“Spider”, Gowri cried.
“Did you say tiger”, I had to ask.
“No. Spider. S-P-I-D-E-R, spider”
“Oh, whats so exciting about that”.
Well, true. I mean, when you have walked a good 4 miles, through dense forests and mountains, the least that you would have expected to find is a cute tiger cub. They don’t even have tigers around. What kind of forests do they make nowadays? And Aanamalai mountains in Pollachi was supposed to be the perfect animal-spotting place
Further reading: I’ve never been huge on treks or walks. But I did walk between Bondi and Coogee beaches in Sydney, Australia. Ha!
Hello Top Slip!
The officer at the welcome centre of Top Slip had rambled on and on about lions, tigers, etc. The elephants came to piss behind the reception office. The lions went to school in front of the reception. And bisons, come licking people, (well, its got really a really rough tongue, that it does not need to eat you. It just licks your leg and all you have left there is a neat little bone). All this and more of superfluous description, yet the only thing we have seen so far are wild pigs, and now this teeny weeny spider.
The guide kind of provided a confessional. Well, it was summer, blah-blah, and there was no water around, blah-blah, and the animals were gone to distant watering holes, blah-blah, and the watering holes were too far away to trek, and too dangerous to go. Well, for some reason everyone argued the first points, and instantly agreed to the last one. Human tendency is to differentiate safety from bravery where ever it can.
“Eagle”, someone shouted.
Damn, I have been walking some 5 or 6 miles, and the only thing I can look at are my stinging toes. Who the hell is walking with their neck craned up towards the sky? I put all my effort in doing the same, and in the process almost heard a sound similar to opening a coke can.

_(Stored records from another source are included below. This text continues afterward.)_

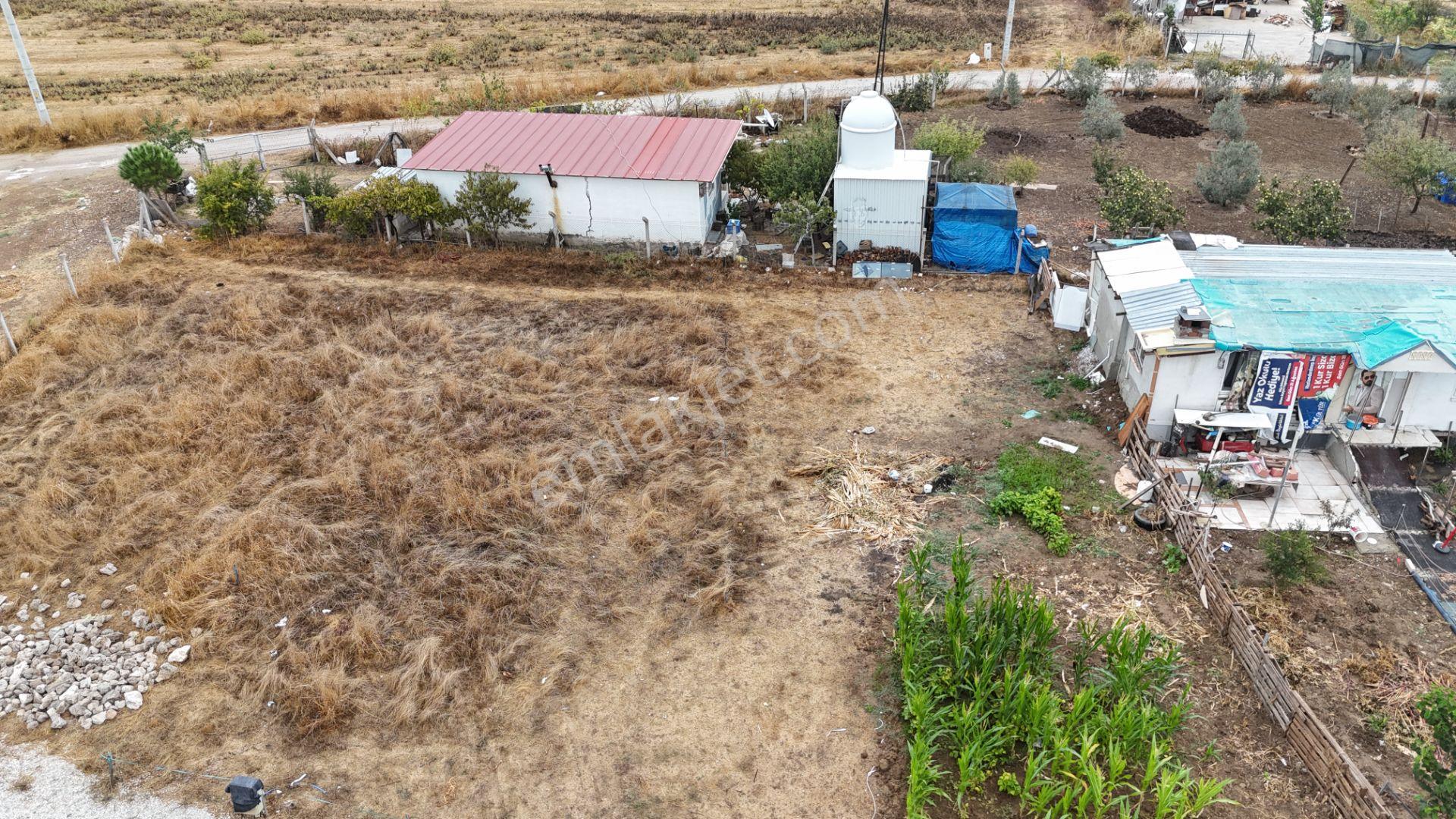 İzmir Menderes Tekelide Elektrik Sulu 250 M2 Koopretif Tapulu Bahçeler — fotoğraf 19
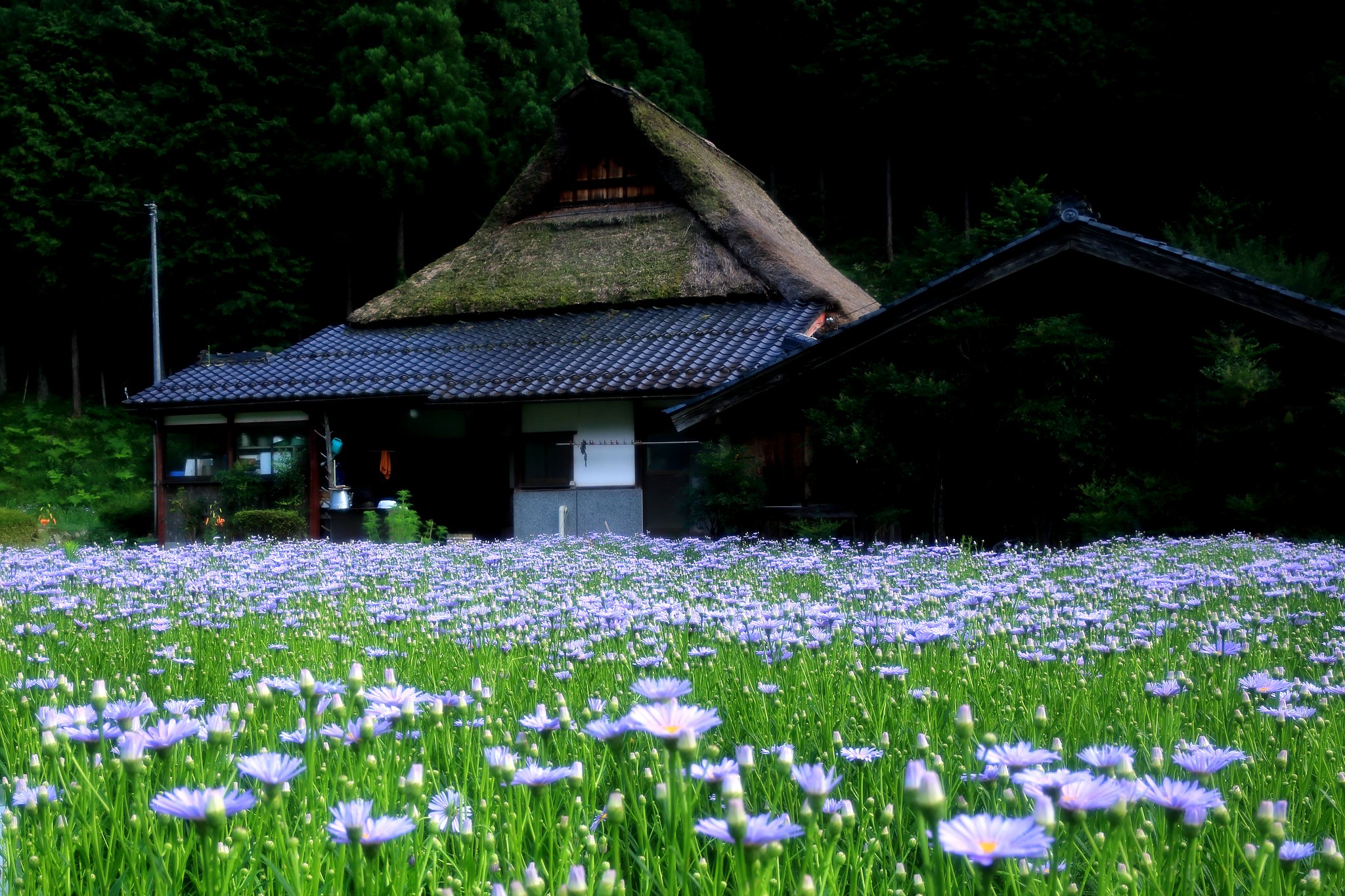 北山友禅菊 Ⅱ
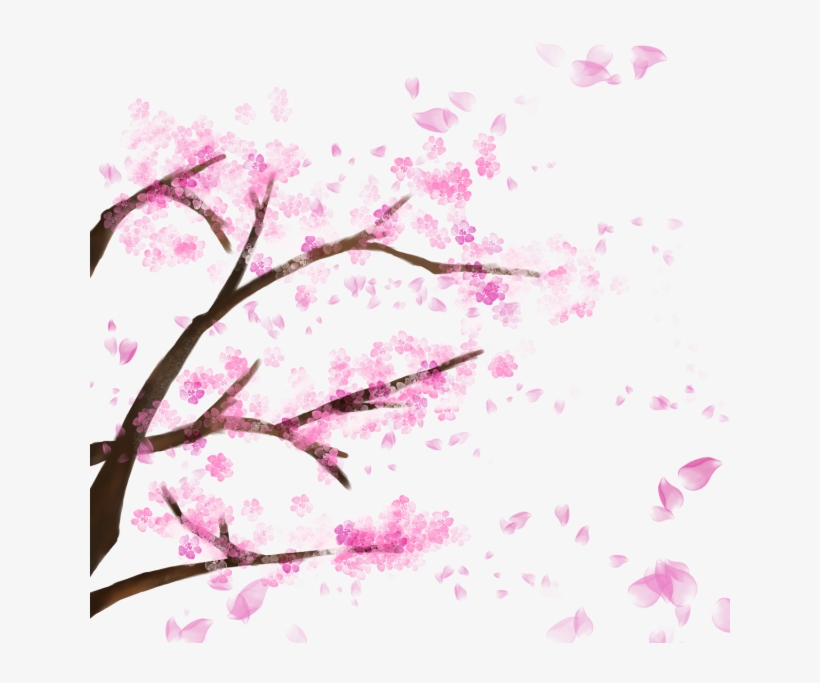 Detail Transparent Sakura Nomer 30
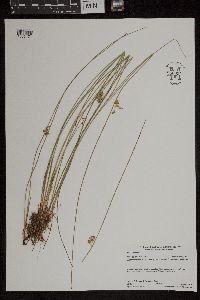 Juncus filiformis image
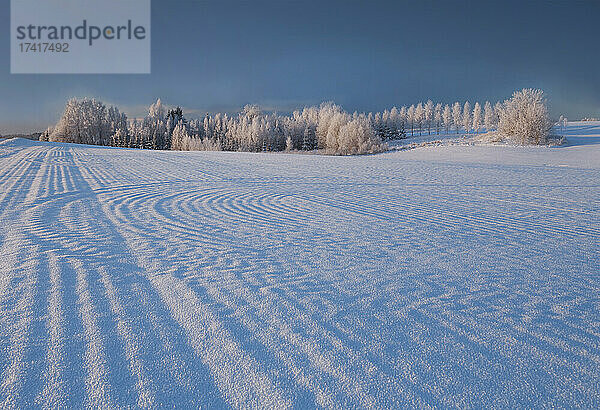Winterlandschaft  Muster von Hügeln auf einem schneebedeckten gepflügten Feld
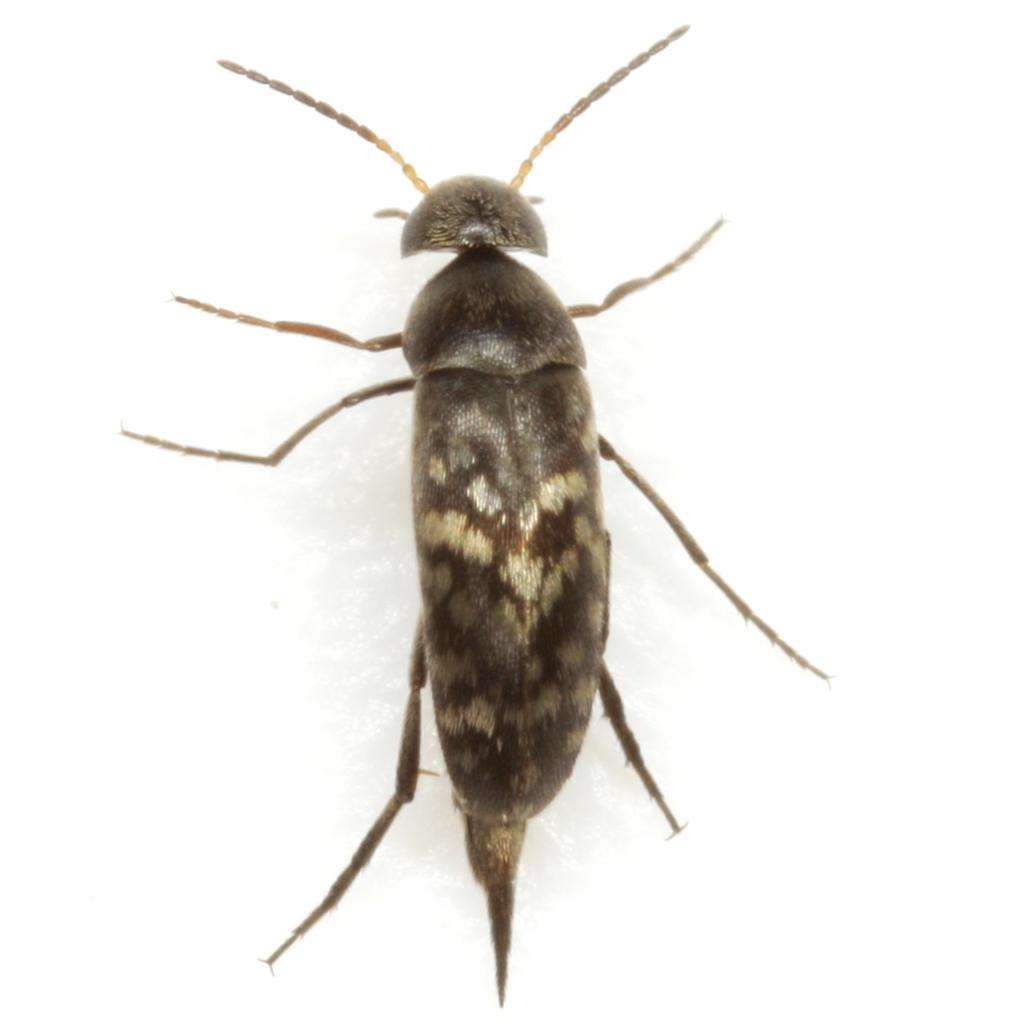 Blistered Tumbling Flower Beetle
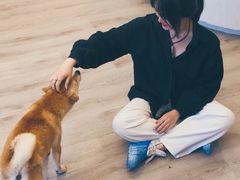 -浣熊柯尔鸭土拨鼠·电玩咖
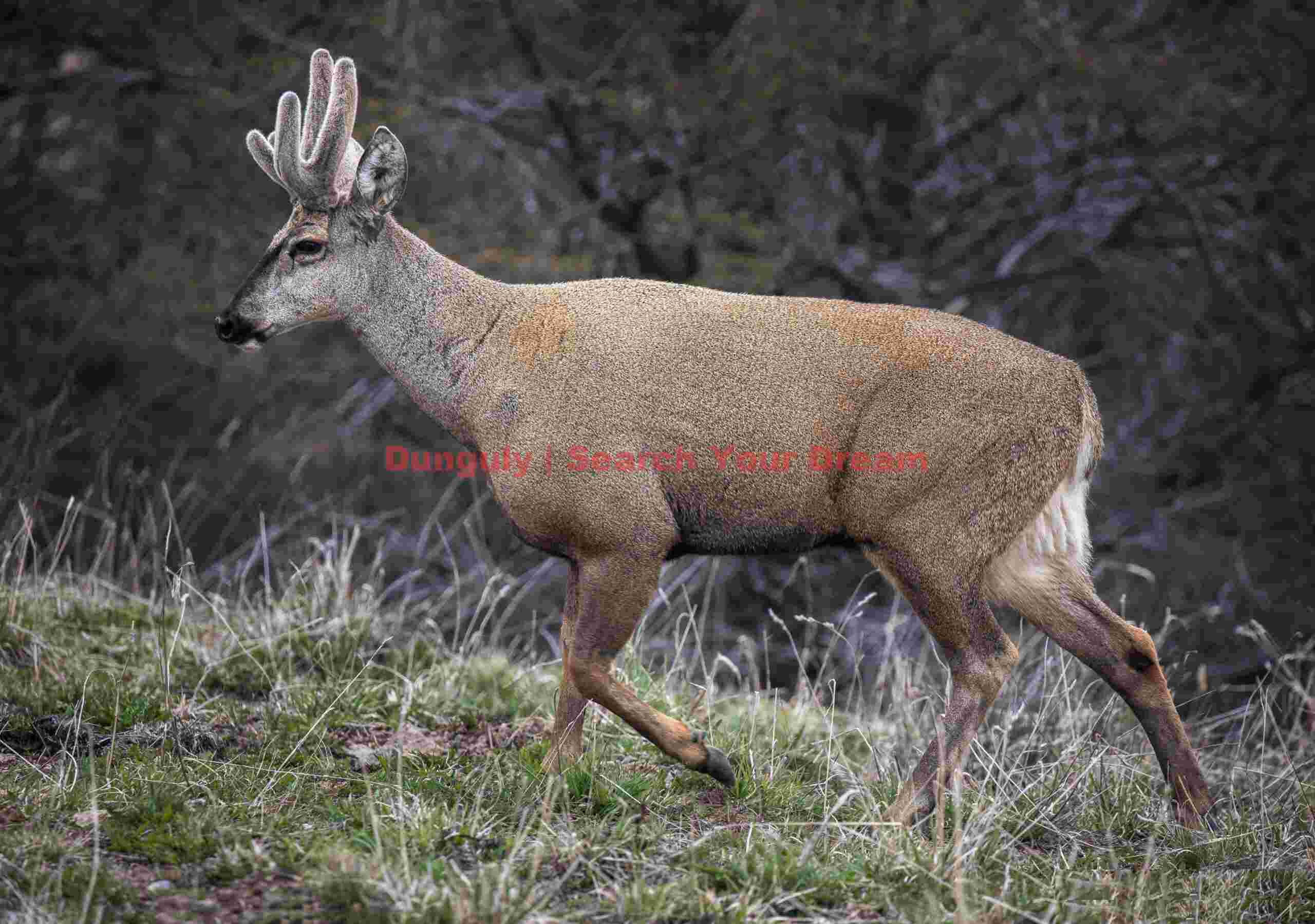 Male Huemul Deer Trotting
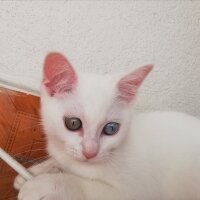 British Shorthair, Kedi  Artemis fotoğrafı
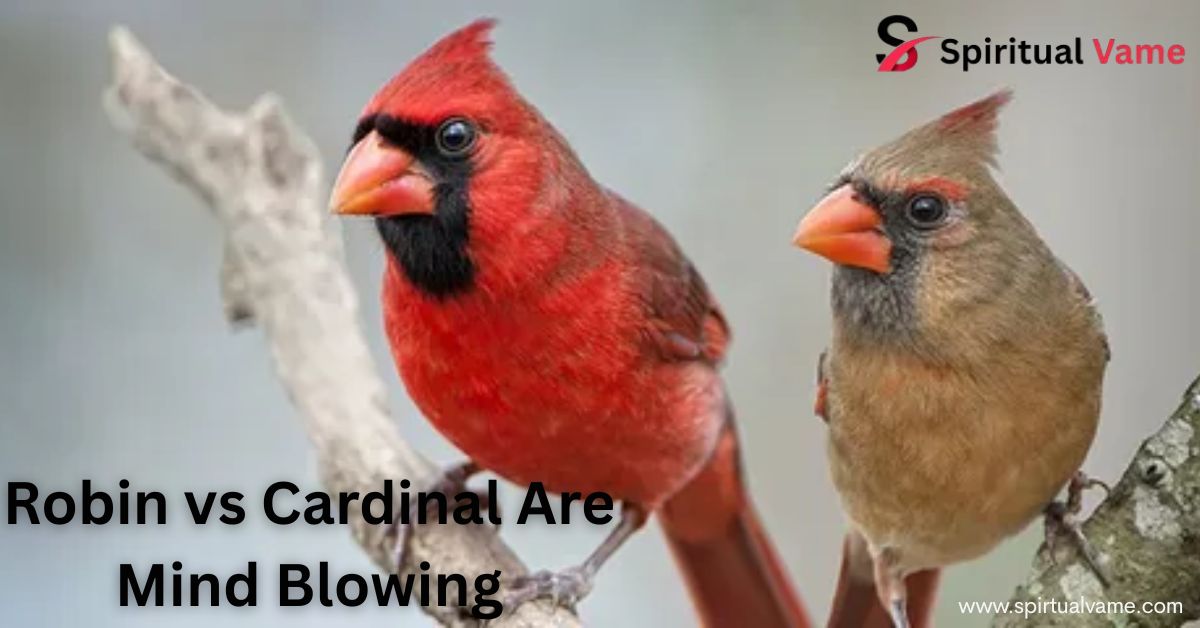 Robin vs Cardinal Are Mind Blowing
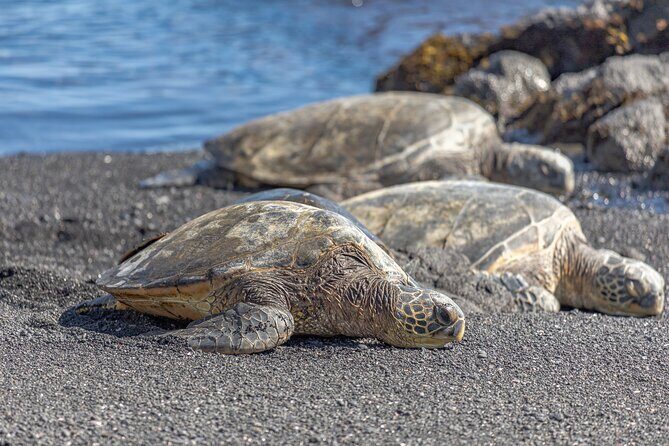 Private Kona Coffee and National Historic Parks Tour - Who Should Consider This Tour?
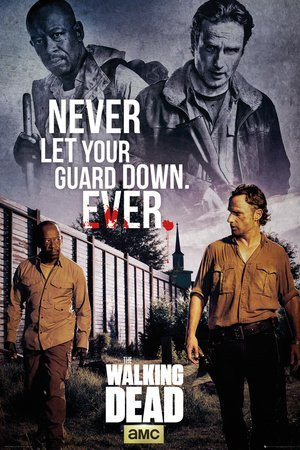GB eye 61 x 91.5 cm The Walking Dead, Rick and Morgan Maxi Poster by GB Eye Limited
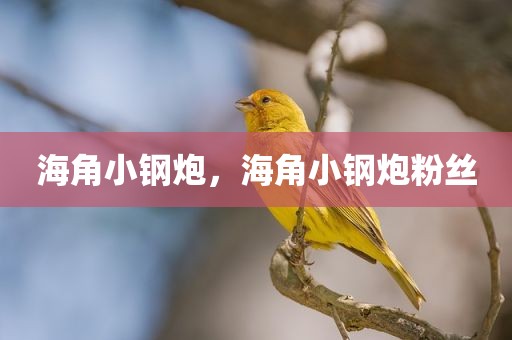 海角小钢炮，海角小钢炮粉丝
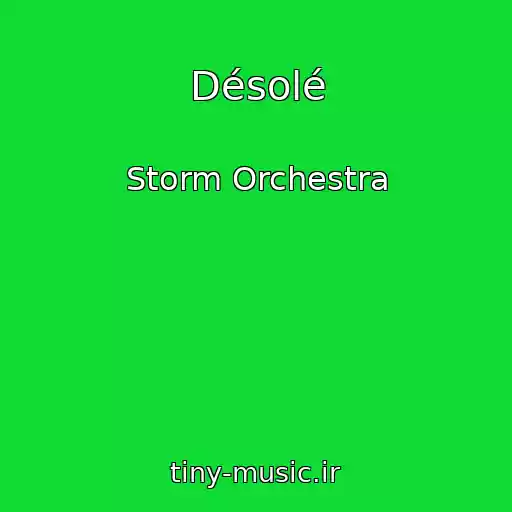کاور آهنگ Désolé از Storm Orchestra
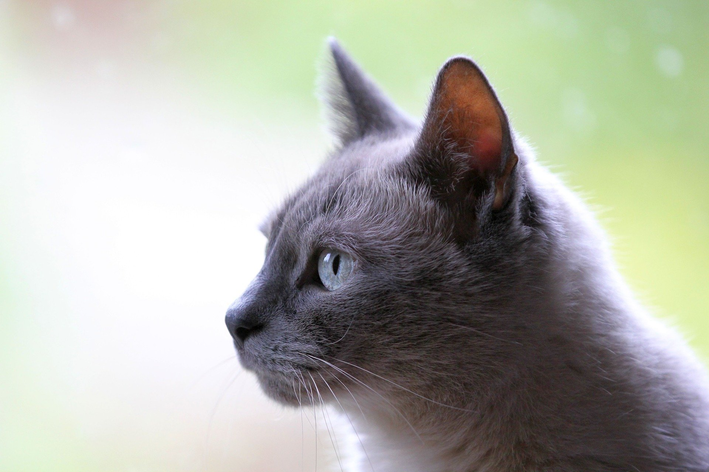 Esporotricose em gatos: sintomas e tratamento!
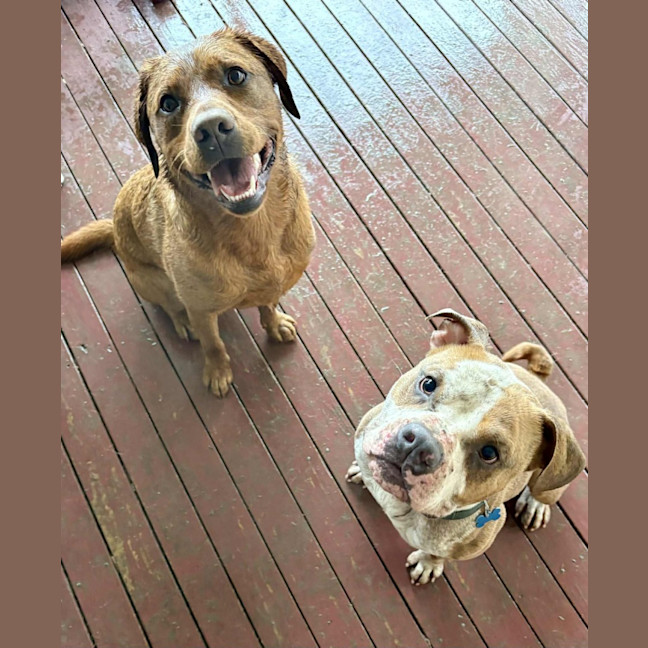 Photo of Scooby   2 Year Old American Bulldog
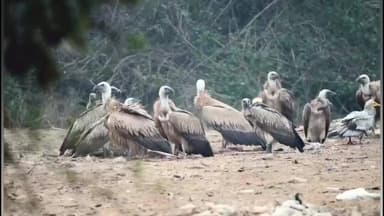 सिमरिया: दक्षिण पन्ना: गिद्धों का 'सेफ हेवन', 3 साल में आंकड़ा 648 से बढ़कर 942 हुआ
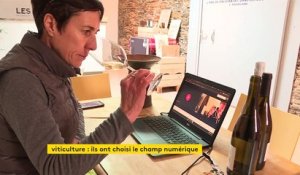 Dégustations virtuelles, vente en ligne : comment les viticulteurs s’adaptent face à la crise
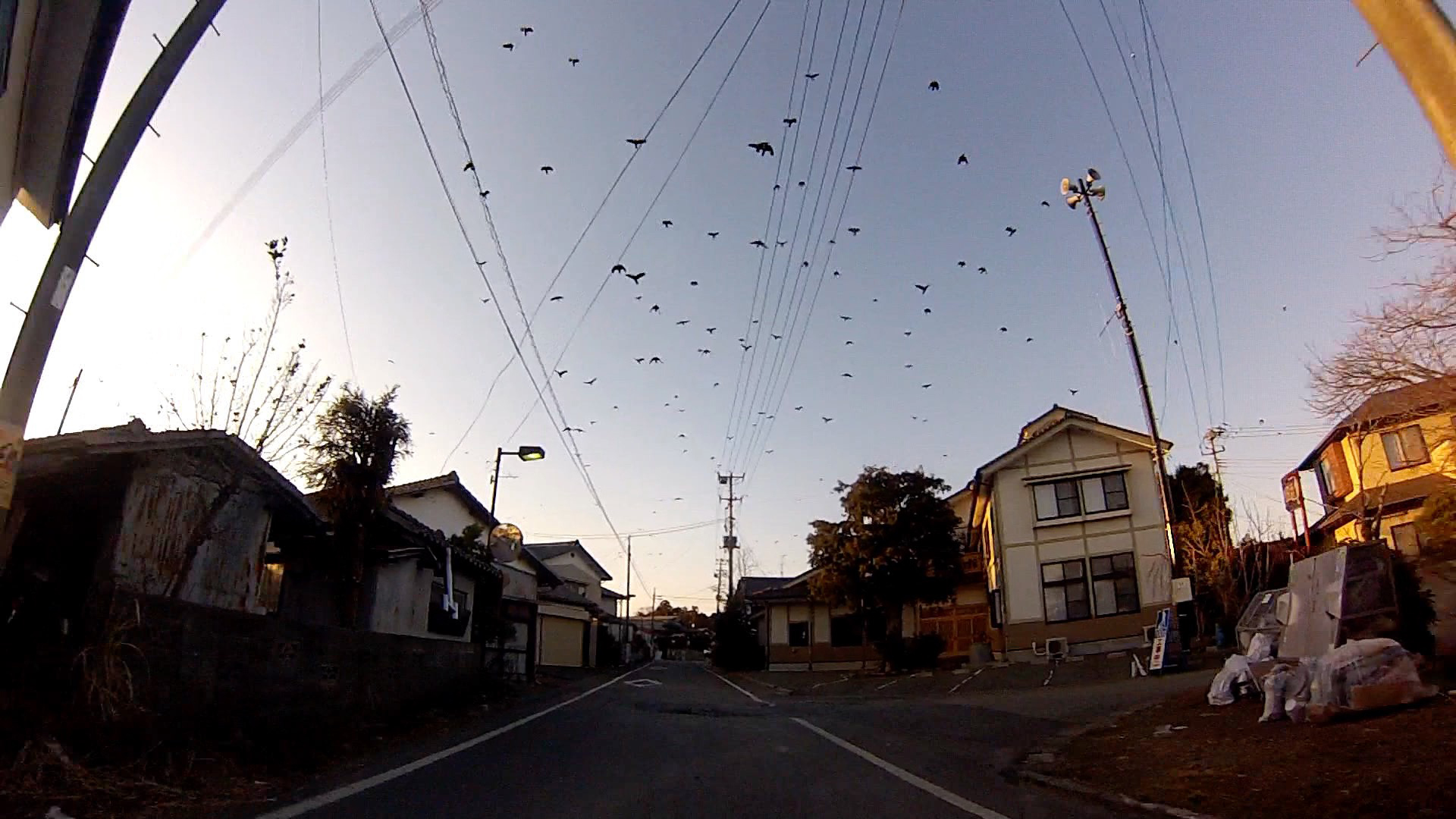 Chim↑Pom《BLACK OF DEATH 2013》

Was that an eagle? God forbid, I could not even make out. Well, it had wings. White wings. That’s it. It should be an eagle. Sometimes, in peril, it is better to come to easy conclusions.
And Gowri, already had his Pentax camera out. Interesting, he never got a hang of the manual zoom. It was evident as the front part of the camera – the zoom lens – kept going in and out. The eagle was no longer in the near vicinity, and his camera kept doing the same thing. Finally, we had to tap him to let him know that the eagle was actually gone.
We kept walking, when another problem surmised. There was no water!!!
The super-intelligent me (Its my blog. Take a hike if you don’t agree) had just 3 bottles of water packed in my backpack. And before I knew it, there was just 1 bottle left. OMG. I heard Sathya tell someone in the group. “Guys, think of communism in such situations. You are drinking into someone Else’s water”.
I didn’t drink for the rest of the trek.
But Sai needed the water. Pathetic figure he cut in the middle of the forest. With a twig he picked up from somewhere, he kept clambering on the slopes. If Rajat Kapoor had seen him a few years ago, he would have given him the lead role in Gandhi Vs Gandhi.
(I have to admit it. The closest I came to seeing a bison the entire trip was when he came out of the bathroom in just a towel)
All of a sudden, Ketty stopped in his tracks and zoomed his camera down towards the ground.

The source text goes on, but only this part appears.